| Problem |
Will you return, word for word, only the lines from the top of the data below down to and including the one with "Toddlers waitlist with"?

| Recorded information |
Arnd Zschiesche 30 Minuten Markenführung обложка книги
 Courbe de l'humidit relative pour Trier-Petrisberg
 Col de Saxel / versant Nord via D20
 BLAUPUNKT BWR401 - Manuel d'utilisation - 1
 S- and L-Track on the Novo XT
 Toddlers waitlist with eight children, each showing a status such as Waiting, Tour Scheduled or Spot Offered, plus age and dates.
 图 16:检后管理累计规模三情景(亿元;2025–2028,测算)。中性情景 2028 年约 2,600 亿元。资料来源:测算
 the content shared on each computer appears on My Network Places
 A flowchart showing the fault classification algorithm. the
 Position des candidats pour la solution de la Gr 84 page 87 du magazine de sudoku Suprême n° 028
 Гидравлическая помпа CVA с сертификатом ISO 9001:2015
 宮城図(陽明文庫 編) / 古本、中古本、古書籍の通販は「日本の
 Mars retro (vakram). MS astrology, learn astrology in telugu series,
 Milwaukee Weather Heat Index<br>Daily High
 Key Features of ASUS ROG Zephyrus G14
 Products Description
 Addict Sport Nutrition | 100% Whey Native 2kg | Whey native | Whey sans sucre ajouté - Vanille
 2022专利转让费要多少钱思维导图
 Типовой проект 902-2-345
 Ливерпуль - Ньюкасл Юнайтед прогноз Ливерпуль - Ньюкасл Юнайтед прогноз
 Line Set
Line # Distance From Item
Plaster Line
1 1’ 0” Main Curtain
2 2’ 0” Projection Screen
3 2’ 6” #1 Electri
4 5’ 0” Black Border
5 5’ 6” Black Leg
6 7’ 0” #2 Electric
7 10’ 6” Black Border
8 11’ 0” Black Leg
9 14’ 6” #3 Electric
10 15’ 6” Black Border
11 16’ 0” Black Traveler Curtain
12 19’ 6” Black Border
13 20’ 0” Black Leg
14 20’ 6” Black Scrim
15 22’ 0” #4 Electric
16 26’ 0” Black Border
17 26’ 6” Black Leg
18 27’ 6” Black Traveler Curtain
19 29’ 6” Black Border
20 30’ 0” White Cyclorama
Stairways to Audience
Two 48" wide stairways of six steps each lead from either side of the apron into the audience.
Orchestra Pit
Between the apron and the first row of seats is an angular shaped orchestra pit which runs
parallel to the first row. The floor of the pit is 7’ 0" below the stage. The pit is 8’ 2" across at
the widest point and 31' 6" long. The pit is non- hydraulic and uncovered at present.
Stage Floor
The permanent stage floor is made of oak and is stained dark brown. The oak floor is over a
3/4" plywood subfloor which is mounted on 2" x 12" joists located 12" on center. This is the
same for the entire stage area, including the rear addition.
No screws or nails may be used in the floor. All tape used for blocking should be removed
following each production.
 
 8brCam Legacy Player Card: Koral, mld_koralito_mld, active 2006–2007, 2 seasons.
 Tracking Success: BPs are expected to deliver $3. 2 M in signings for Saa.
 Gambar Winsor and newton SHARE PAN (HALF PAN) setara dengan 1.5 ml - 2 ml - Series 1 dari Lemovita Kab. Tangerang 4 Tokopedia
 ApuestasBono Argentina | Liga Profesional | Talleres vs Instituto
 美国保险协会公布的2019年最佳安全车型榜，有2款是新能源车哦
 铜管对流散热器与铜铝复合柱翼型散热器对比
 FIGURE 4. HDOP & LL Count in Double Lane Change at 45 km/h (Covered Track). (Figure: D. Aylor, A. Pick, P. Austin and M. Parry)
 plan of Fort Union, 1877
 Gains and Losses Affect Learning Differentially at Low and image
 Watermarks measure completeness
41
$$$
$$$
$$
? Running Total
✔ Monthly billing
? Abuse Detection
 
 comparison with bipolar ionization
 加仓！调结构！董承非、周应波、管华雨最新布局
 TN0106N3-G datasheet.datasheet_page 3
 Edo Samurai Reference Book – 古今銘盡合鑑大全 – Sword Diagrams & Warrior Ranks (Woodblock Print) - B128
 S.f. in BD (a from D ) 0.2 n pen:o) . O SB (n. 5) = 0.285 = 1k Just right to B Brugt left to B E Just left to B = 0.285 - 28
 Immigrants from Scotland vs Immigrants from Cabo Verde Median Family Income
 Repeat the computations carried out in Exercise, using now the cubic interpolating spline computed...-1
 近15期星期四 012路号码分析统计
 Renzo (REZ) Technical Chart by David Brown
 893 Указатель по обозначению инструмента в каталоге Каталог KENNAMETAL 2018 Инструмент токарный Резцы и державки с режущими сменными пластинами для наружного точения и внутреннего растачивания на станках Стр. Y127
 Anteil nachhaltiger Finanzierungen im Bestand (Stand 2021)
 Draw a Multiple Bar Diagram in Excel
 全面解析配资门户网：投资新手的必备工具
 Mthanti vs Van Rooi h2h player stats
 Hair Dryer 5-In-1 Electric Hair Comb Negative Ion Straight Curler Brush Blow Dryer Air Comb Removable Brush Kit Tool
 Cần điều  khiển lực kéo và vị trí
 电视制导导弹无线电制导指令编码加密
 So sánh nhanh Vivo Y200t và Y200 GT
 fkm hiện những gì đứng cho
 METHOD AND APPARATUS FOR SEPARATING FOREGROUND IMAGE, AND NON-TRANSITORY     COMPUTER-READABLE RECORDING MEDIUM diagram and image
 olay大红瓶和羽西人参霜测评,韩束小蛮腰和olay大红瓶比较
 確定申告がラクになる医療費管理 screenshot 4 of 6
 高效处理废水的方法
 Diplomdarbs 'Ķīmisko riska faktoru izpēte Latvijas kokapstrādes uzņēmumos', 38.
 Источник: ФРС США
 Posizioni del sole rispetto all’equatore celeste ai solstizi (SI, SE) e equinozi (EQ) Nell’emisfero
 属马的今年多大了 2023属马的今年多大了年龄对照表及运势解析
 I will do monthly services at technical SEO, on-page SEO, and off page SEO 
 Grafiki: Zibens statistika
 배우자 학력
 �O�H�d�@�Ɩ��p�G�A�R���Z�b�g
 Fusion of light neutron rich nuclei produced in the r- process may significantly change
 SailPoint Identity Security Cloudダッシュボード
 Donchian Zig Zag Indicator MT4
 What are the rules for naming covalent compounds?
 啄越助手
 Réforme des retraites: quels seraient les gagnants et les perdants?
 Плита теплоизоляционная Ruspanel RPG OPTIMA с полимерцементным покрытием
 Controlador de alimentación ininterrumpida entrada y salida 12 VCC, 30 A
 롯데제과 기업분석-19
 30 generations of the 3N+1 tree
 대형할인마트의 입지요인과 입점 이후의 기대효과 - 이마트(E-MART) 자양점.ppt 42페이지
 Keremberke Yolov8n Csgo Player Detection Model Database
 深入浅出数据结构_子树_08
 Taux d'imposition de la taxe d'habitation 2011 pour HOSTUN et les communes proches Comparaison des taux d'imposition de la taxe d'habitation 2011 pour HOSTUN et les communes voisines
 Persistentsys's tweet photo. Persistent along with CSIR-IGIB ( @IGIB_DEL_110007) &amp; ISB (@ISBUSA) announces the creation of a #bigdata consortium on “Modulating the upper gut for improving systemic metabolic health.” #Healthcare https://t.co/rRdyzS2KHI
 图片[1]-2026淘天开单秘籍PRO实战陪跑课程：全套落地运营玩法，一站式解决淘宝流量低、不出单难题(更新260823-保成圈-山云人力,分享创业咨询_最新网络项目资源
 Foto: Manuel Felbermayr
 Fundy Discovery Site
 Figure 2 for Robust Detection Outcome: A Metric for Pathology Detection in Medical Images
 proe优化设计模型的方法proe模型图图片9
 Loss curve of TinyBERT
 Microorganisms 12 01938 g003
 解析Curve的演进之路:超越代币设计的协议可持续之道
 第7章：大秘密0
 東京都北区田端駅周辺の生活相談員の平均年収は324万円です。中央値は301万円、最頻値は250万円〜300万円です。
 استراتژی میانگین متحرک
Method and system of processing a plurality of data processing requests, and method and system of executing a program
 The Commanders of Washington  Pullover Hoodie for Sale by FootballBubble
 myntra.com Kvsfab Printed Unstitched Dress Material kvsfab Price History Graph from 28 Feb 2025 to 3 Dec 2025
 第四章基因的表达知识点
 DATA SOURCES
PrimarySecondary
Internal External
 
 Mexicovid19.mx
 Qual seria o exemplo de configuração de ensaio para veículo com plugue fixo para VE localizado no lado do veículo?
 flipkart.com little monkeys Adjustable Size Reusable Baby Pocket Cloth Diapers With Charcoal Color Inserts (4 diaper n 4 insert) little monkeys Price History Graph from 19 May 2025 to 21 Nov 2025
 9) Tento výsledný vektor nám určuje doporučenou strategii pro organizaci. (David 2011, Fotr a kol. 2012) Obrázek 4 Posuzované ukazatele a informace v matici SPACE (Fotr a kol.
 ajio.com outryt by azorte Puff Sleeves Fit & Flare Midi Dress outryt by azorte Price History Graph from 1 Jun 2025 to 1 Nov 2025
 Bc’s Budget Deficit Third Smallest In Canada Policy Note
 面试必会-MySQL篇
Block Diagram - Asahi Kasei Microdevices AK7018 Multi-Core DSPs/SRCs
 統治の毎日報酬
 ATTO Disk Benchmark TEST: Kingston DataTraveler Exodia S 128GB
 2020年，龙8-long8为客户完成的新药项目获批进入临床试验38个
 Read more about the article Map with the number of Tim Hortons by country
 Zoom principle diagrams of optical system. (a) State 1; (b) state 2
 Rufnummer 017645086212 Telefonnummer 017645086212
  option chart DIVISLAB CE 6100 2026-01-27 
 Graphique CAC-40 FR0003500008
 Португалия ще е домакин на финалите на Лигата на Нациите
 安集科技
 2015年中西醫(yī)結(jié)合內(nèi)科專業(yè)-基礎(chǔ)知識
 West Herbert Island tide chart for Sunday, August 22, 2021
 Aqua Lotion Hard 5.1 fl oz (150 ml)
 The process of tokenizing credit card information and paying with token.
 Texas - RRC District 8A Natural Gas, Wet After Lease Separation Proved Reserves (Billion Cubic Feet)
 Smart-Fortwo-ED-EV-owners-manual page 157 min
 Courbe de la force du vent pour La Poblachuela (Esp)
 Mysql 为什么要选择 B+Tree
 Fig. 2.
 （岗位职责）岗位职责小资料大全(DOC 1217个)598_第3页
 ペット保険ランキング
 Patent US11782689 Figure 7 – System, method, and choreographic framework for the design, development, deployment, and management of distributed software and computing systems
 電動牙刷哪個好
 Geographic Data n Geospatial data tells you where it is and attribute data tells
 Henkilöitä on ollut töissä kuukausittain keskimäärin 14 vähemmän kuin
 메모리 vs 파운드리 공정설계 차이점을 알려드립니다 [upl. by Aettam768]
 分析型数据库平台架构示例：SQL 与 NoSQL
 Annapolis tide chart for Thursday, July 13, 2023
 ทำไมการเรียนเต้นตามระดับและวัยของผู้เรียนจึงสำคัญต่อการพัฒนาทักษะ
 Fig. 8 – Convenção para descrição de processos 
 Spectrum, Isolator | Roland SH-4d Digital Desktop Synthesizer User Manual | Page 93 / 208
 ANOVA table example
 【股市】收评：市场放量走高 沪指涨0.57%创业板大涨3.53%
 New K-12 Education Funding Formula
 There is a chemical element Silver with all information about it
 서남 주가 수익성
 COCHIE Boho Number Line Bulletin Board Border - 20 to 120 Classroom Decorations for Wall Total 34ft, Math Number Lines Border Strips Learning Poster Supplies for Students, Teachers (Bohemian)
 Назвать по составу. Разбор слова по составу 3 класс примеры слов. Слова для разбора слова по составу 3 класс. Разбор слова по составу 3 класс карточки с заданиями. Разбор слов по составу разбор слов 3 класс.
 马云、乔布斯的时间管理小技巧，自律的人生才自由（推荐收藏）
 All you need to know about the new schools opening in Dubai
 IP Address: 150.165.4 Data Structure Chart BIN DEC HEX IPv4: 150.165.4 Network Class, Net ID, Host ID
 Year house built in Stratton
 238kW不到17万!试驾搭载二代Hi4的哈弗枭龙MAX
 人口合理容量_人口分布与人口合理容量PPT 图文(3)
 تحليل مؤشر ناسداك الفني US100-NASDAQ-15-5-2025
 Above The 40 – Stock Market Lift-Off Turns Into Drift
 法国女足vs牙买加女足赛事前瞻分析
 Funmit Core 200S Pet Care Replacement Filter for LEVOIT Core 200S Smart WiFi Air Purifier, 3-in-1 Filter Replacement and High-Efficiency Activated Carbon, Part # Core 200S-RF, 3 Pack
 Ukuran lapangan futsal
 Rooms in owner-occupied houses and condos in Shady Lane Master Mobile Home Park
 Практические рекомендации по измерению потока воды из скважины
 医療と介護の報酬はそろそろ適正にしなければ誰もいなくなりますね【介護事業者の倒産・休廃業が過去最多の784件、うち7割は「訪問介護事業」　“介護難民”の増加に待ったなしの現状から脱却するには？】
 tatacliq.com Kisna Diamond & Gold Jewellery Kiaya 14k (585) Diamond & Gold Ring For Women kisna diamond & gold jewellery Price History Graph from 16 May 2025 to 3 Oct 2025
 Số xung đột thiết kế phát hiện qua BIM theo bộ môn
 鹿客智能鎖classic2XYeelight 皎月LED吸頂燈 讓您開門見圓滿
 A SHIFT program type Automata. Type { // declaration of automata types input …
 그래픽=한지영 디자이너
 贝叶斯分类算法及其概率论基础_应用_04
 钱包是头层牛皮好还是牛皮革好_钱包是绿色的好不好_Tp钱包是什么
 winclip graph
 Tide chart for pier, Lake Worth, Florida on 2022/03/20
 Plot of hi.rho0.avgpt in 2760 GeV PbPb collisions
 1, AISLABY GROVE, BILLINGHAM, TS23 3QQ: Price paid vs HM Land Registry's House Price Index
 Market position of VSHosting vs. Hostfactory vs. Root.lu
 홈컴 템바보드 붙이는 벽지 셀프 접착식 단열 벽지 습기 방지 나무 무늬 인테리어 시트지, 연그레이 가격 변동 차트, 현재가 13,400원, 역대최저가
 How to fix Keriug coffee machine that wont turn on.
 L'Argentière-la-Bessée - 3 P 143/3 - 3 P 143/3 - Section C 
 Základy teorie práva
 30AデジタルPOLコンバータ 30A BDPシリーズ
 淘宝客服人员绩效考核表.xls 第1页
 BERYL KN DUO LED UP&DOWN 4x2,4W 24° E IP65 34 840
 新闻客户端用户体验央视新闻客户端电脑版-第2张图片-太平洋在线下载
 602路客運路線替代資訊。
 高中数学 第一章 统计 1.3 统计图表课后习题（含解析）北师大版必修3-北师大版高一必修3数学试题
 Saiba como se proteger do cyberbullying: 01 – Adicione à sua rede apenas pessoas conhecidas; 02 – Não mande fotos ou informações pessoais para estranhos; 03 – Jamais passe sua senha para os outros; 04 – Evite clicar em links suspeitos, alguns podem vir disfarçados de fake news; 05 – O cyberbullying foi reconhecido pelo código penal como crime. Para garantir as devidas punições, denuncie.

| Exercise response |
Arnd Zschiesche 30 Minuten Markenführung обложка книги
 Courbe de l'humidit relative pour Trier-Petrisberg
 Col de Saxel / versant Nord via D20
 BLAUPUNKT BWR401 - Manuel d'utilisation - 1
 S- and L-Track on the Novo XT
 Toddlers waitlist with eight children, each showing a status such as Waiting, Tour Scheduled or Spot Offered, plus age and dates.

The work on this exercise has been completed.